VentureBeat: So can a driver or a company adjust on future trips?
Klinger: What we’ve built with Flock is not just an accurate real-time pricing tool, but we’ve built in an incentivization mechanism. One of our core value propositions is transparency. We provide transparent insights so customers can understand why their flights or why their van journeys are priced. Then they can use those insights to understand and mitigate their own risk in future flights or journeys by changing the drivers that they’re using or changing the routes that they’re taking. They’re then able to reduce risks and receive lower prices for their insurance.
We’re building an insurance company that actively incentivizes better behavior and safe journeys or safer behavior on behalf of our customers. The thing that gets us out of bed in the morning is making the world a smarter place. It’s not simply building another traditional insurance company. We’re building a very different type of insurance company that actively incentivizes customers to mitigate risks and hopefully save lives. And we want to help our customers save money, time, and lives.

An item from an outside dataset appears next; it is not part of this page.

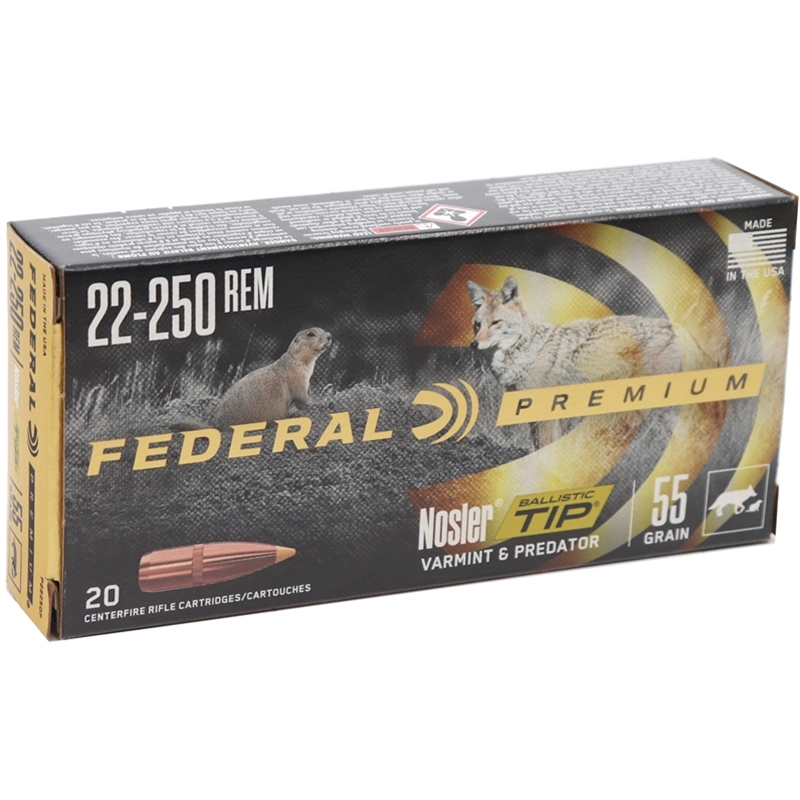 Federal Premium Varmint 22-250 Remington Ammo 55 Gr Nosler Ballistic ...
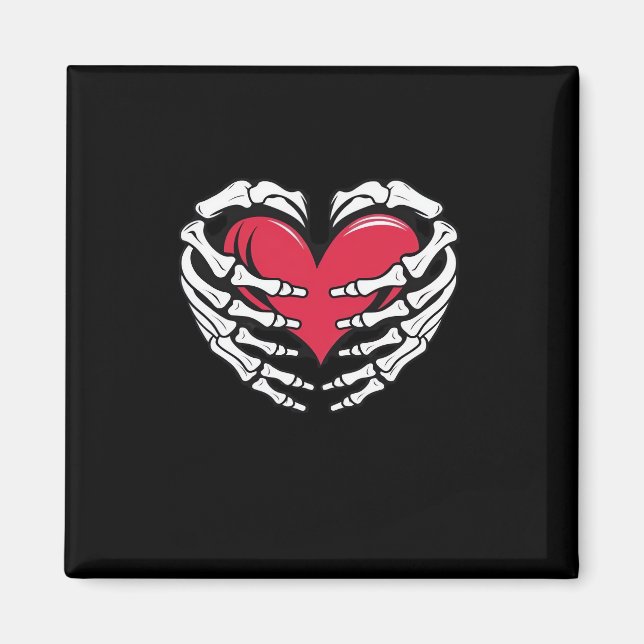 Aimant Ed Heart Dans Les Mains Squelettiques Classique (Devant)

VentureBeat: How do you plan to grow?
Klinger: Our drone business has already expanded into Europe, and we have a subsidiary called Flock GMBH that is up and running. We’re actually selling in about 16 countries in Europe in our drone business.
Our motor business right now is just in the U.K., but we have just raised $17 million. One of the core uses of that freshly raised capital is to fuel our expansion into Europe. And Europe is a very large market for commercial motors. It’s a dramatically underserved market. There’s no comparable product to Flock in Europe right now, so we think there’s an enormous opportunity for us to take our approach. We already have insurance partnerships in place in the U.K. The next step is growing our team. We’re going to be expanding our team from currently around 20 to closer to 80 [people] while expanding new and existing insurance partnerships in Europe.
VentureBeat: And after that?
Klinger: We are very much set on building a fully global, fully digital insurance company for the connected and autonomous world. So while Europe is the immediate next step, the U.S. is obviously a very exciting and very large market, and it’s a market where we’re seeing a proliferation of new vehicles. So electric vehicles are connected to the internet. Then there are new business models, like same-day delivery or next-day delivery. There are models like ride-hailing and ride-sharing and models like short-term leasing or on-demand vehicles. Those new business models are not unique to the U.S. They’re actually popping up all over the developed world, and that’s a huge opportunity for Flock because these new modern digital fleets are not served by the traditional insurance industry.
VentureBeat: Any final thoughts?
Klinger: We’re attempting to build an insurance company that doesn’t just pay claims, but that actively helps its customers understand and mitigate risks. So those customers avoid claims in the first place. One of our core beliefs is that the best possible claim experience is no claim, right? So, if you as a commercial motor fleet can significantly reduce your own risk and ultimately have fewer accidents and save lives, that’s the best possible claim experience and insurance experience. That’s the future that we’re building toward at Flock.